Running Jobs
The commands section explains in more detail each of the possible commands that can be used in a brief and schematic way. Here are some of the ways of working with SLURM.
Submit to queues
A job is the execution unit for Slurm. A job is defined by a text file containing a set of directives describing the job's requirements and the commands to execute.
The method for submitting jobs is to use the Slurm sbatch directives directly.

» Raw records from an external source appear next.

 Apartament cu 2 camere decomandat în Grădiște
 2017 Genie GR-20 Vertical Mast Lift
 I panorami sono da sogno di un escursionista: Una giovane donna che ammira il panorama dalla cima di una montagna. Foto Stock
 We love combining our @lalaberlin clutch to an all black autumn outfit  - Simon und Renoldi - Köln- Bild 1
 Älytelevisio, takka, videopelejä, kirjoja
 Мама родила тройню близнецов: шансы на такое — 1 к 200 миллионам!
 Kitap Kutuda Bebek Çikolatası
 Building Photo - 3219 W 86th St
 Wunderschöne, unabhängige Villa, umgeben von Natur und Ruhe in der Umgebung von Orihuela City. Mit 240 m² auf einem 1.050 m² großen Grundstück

For more information: SLURM Docs
man sbatch
man srun
man salloc
Launch queues
To submit jobs to queues, Slurm's 'sbatch' directives must be used, for example:
Submit a job:
[ user@hpc ~]$ sbatch {job_script} 
Show all submitted jobs:
[ user@hpc ~]$ squeue
Cancel the execution of a job:
[ user@hpc ~]$ scancel {job_id}
Load Modules
The python (pip) packages are installed within an anaconda environment.
To enable them, just load the modulename stack:
[ user@hpc ~]$ module load modulename
Loading is integrated into the shell:
- In interactive use, the upload must be carried out every time a new session is started
- In batch use, the command can be placed after the lines #SBATCH, so that when launching the job the loading is carried out as one more step
SLURM
Types of work
Interactivity
- Interactive use
- Batch process
Parallelism
- Sequential / serial
- Parallel
It is recommended to start with the simplest (sequential) and complicate things based on successful tests.
Commands
| command | function | 
|---|---|
| srun | execute step (interactive) | 
| sbatch | job submission | 
| squeue | consult queue | 
| scancel | cancel job | 
Interactive sessions
By default, if I exit the HPC platform or the connection is dropped, the interactive session is interrupted (just like a simple ssh). It is recommended to use a terminal multiplexer such as screen or tmux
In each case, I adjust the resources I reserve (CPUs/cores, GPUs...)
[ user@hpc ~]$ srun --cpus-per-task=2 --pty bash
[ user@hpc ~]$ srun --cpus-per-task=4 --gres=gpu:2 --pty -p gpu bash
Examples of jobs (BATCH)
One step after another
Each step carries a unique task (-n 1).
#!/bin/bash
#SBATCH --time=01:00:00
srun -n 1 command_step_1
srun -n 1 command_step_2
GPU
At the sbatch level, I reserve resources for all work (e.g. 2 GPUs). Then, for each specific step I request resources (for example, 1 GPU and 4 CPUs)
#!/bin/bash
#SBATCH --time=01:00:00
#SBATCH --ntasks=2
# if the app does not need multiple CPUs, I leave it at 1
#SBATCH --cpus-per-task=4
#SBATCH --gres=gpu:2
#SBATCH --mem-per-cpu=8G
srun --gres=gpu:1 -n 1 --cpus-per-task=4 PROGRAM_GPU PARAMETERS
Another example, loading a module and launching an script
#!/bin/bash
#SBATCH --job-name=<your_job_name>
# If the app does not need multiple CPUs, I leave it at 1
#SBATCH --ntasks=2
#SBATCH --cpus-per-task=4
#SBATCH --partition=gpu
#SBATCH --gres=gpu:1
#SBATCH --output=output.log
#SBATCH --error=error.log
# Load module for PyTorch
module load torch/2.3.1
# Add your desired commands here
srun --partition=gpu --gres=gpu:1 -n 1 example.sh
And the srun command will execute a file example.sh that contains, for example:
#!/bin/bash
sleep 2
nvidia-smi
python -c "import torch; print(torch.tensor([42.0]).to('cuda'))"
To be able to execute it in the HPC Slurm queue, you would only have to write in the terminal:
[ user@hpc ~]$ sbatch my-sbatch-code.sh